Artist reception for Naumann show at New Haven Public Library Tuesday

New Haven Free Public Library Art Gallery
133 Elm St., New Haven
Holocaust Memorial: An Exhibition of Lead Sculptures by Dana Baldwin Naumann
Through Sept. 26, 2011.
Artist's reception: Tues., Sept. 20, 5—7 p.m.

Press release

Dedication: "To my friend, the late Sigmund Strochlitz (1916-2006), a survivor of the Auschwitz death camp, who realized that the world was beginning to forget the Holocaust."
— Dana Naumann
Dana Baldwin Naumann creates fanciful and fabulous sculpture, mostly crafted from lead sheets coated with copper or zinc patinas. Naumann's hammered sculptures are studies in texture, soft and warm looking even as metal surfaces, and depict religious, mythic, and archetypal scenes. Until 1994, Naumann had a successful career as Vice-President of Sales and Marketing with the Westinghouse Corporation in Pittsburgh, but then determined to devote his life to his art, a decision he says he has never regretted.

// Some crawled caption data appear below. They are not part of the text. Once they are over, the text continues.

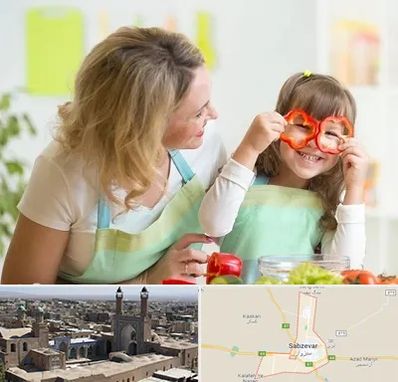 متخصص تغذیه کودکان در سبزوار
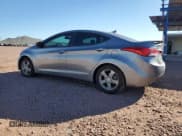 ✅ 2013 Hyundai Elantra GLS • VIN: KMHDH4AE1DU920547 • Lot: 85193005. Listed on Copart with 29,914 mi. Free auction sales archive from the USA and detailed vehicle history report at DreamBid. Image 2.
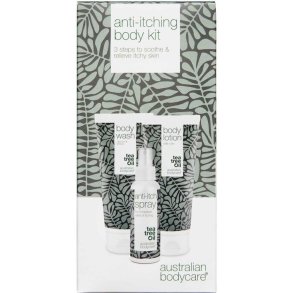 Australian Bodycare Kropspakke mod kl�e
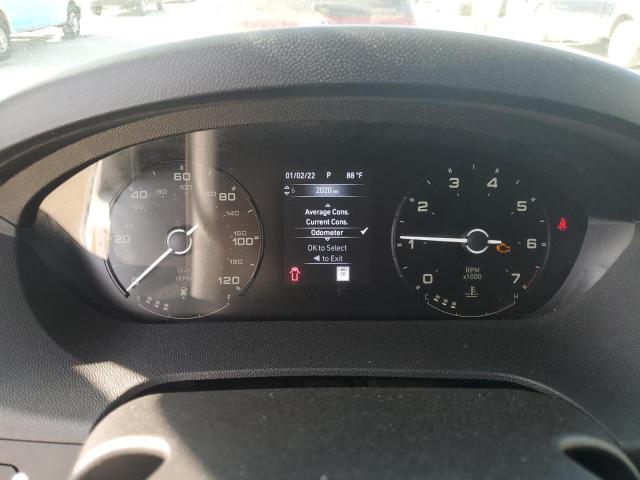 3C6LRVDG7RE132725 - 2024 RAM PROMASTER 2500 HIGH 白色 照片 9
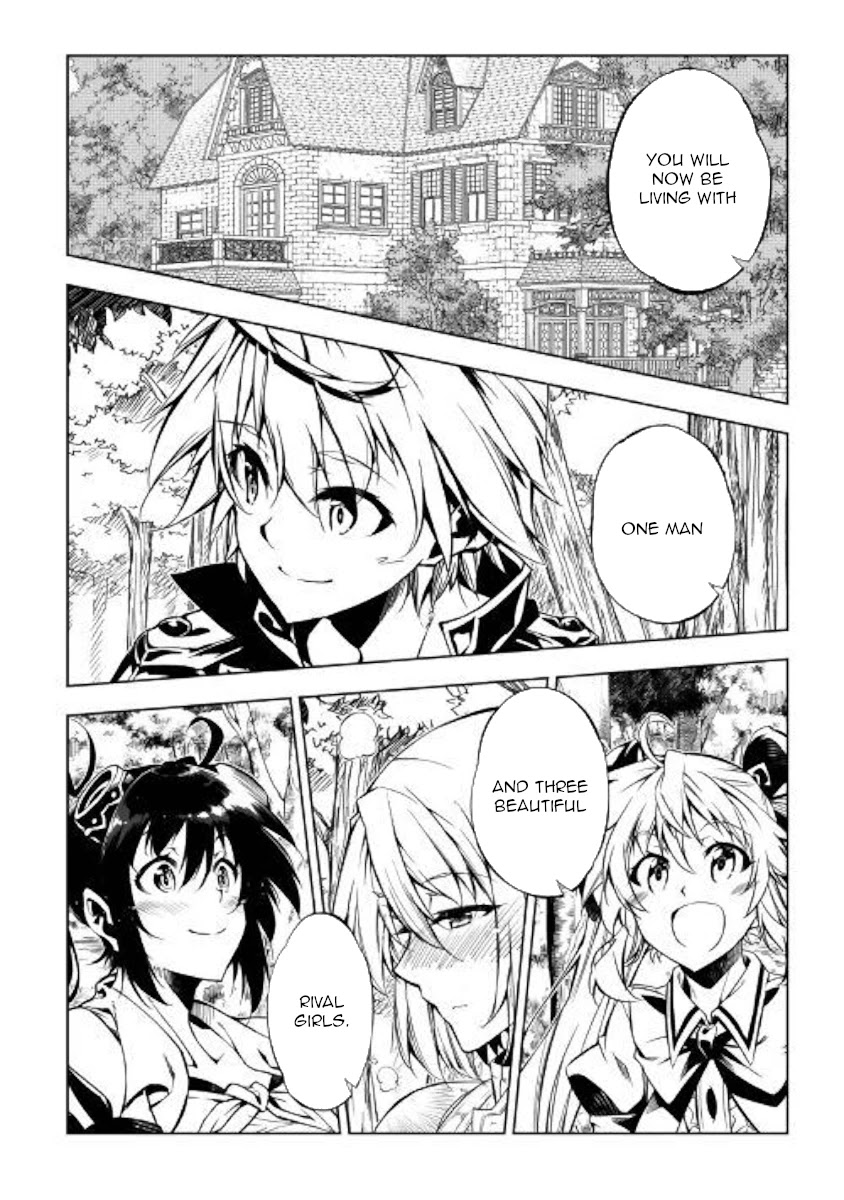 The Mage Will Master Magic Efficiently In His Second Life Chapter 47 - Page 36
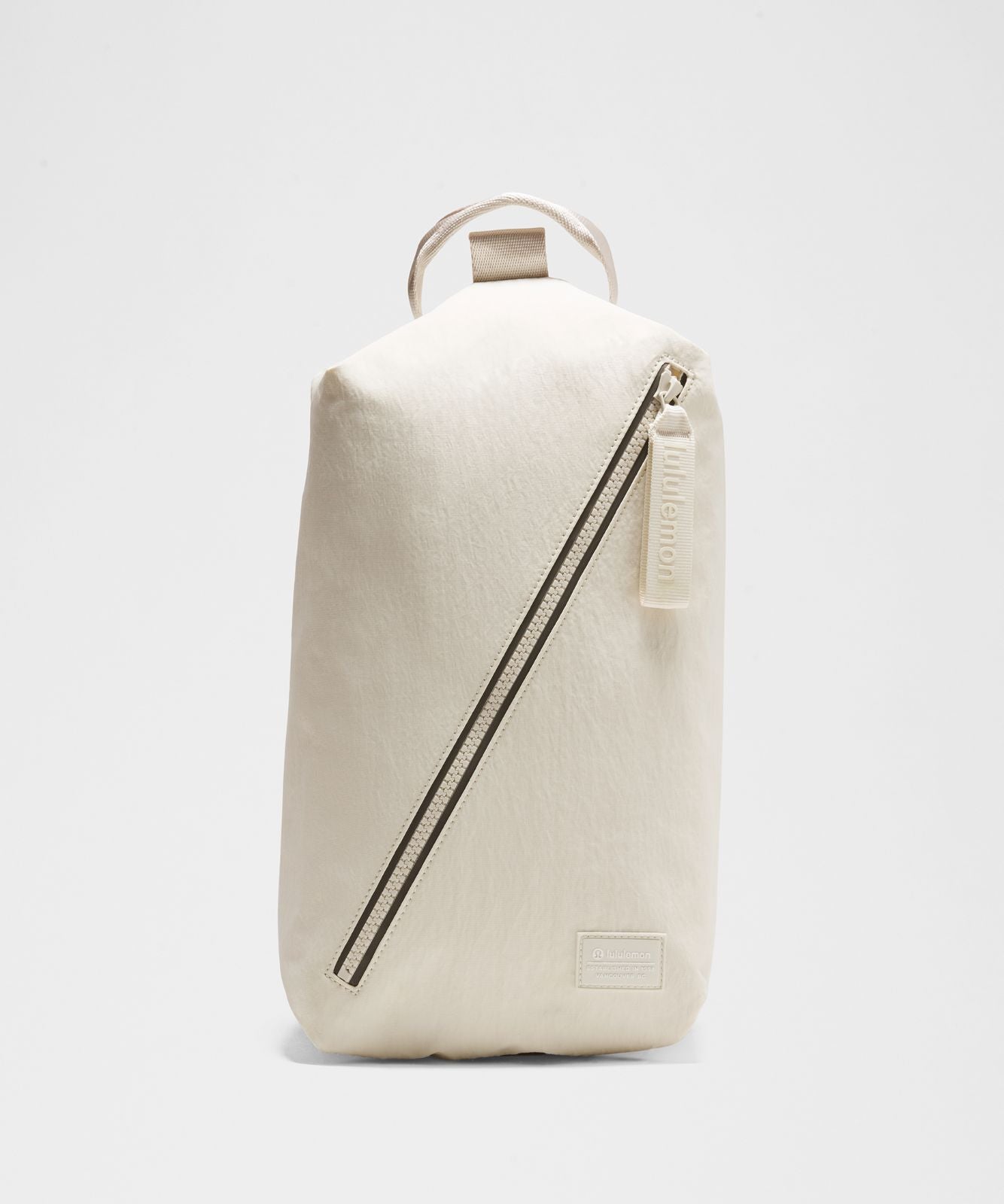 Fast Track Bag 2.0 9L Light Ivory/Silver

Naumann's works are in the permanent collections of The Aetna in Los Angeles, CA, and in Hartford, CT, and Villanova University, Villanova, PA. He designed and contributed sculptures to the permanent collections of United States Special Olympics, and a piece created on the theme of the Holocaust was given to the Thomas Dodd Center, University of Connecticut, Storrs, CT. Other gifts of work were made to the East Shore Adult Day Care Center in Branford, CT, and to the Aids Project in New Haven, CT.

Art critic Steve Starger wrote about his work: "Naumann's finely wrought sculptures aren't depressing or oppressive. He draws on African and mythological references to create monolithic faces that are inspired by ritual masks and statuary, like monuments or totems left by a long-vanished civilization. These elongated faces appear aloof and ascetic, but are also strangely poignant, and each emanates a sense of mystery and longing."

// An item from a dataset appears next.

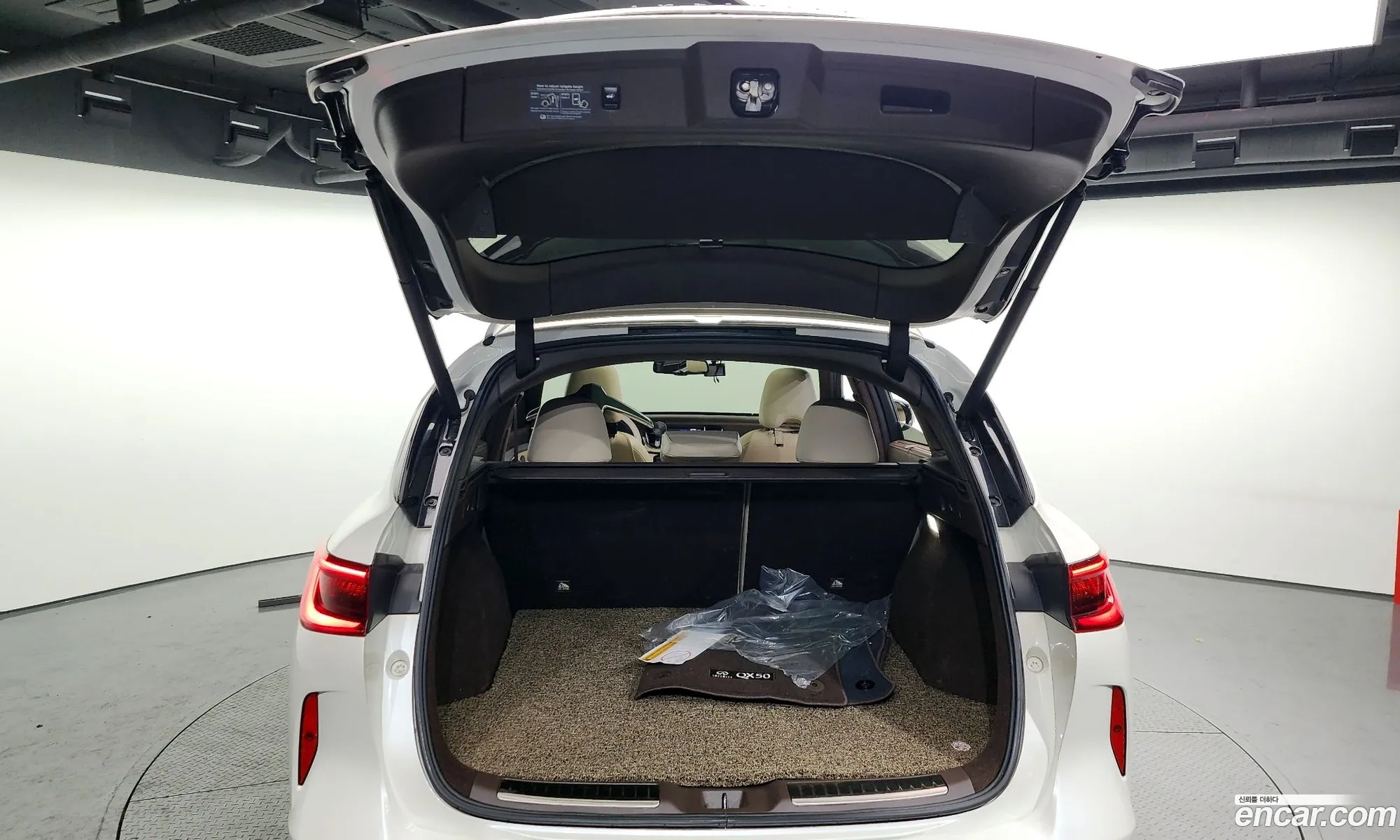 Qx50 P71A 20 Sensor Awd - фотография 3553021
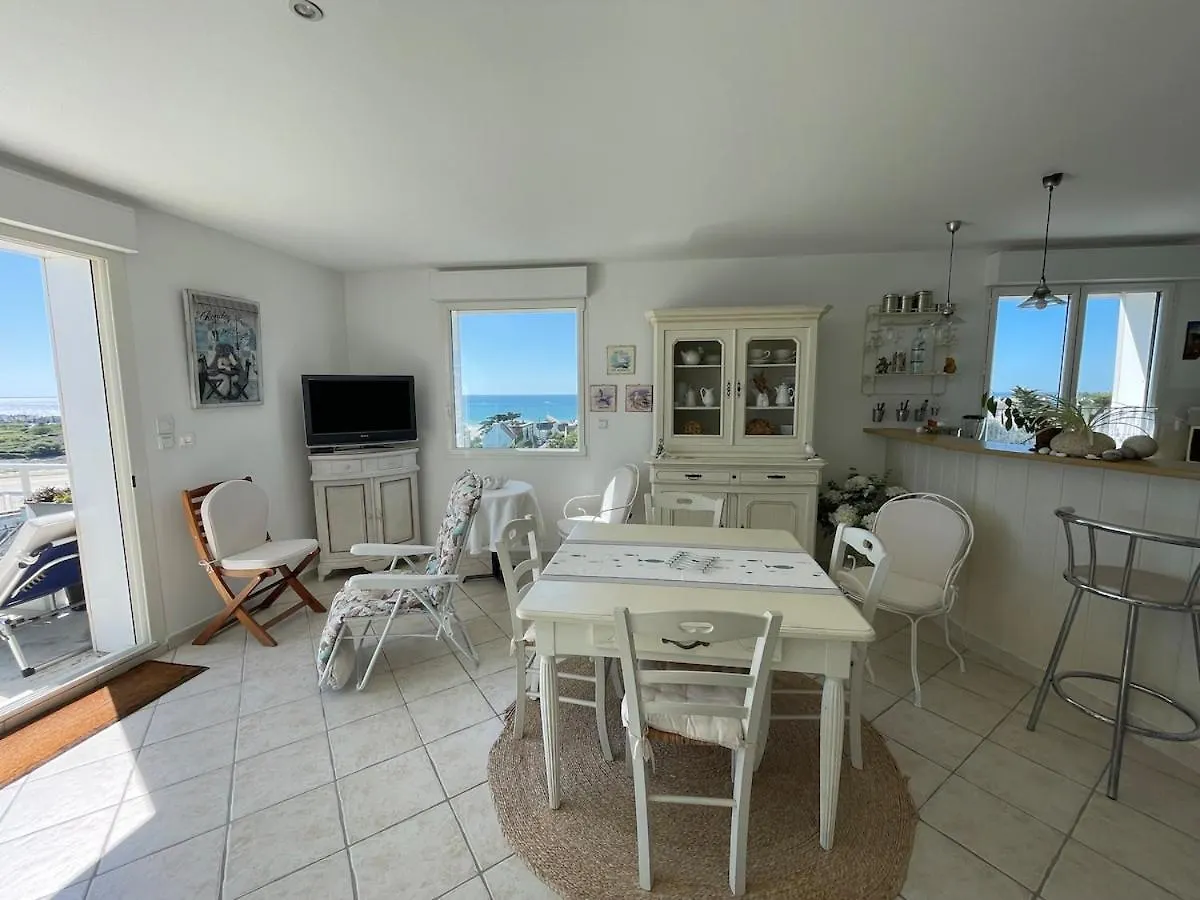 Escape, Splendid Ocean View Lejlighed Audierne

The Dedication: Sigmund Strochlitz (1916 - Oct. 16, 2006) was born in Bedzin, Poland. He survived several concentration camps, including Auschwitz, where his parents and sisters were killed. In 1978, Elie Wiesel recommended him to become a member of President Jimmy Carter's Commission on the Holocaust, and he and Wiesel worked together to create the National Holocaust Memorial Museum in Washington, D.C. In 1981, he and his wife Rose endowed the Chair and Institute in Holocaust Studies at Haifa University in Israel. In 1986, Strochlitz was named the second recipient of the Elie Wiesel Remembrance Award, and he later was a member of the Board of Directors of the Elie Wiesel Foundation for Humanity. In 2006, Mr. Wiesel attended his funeral in New London, CT.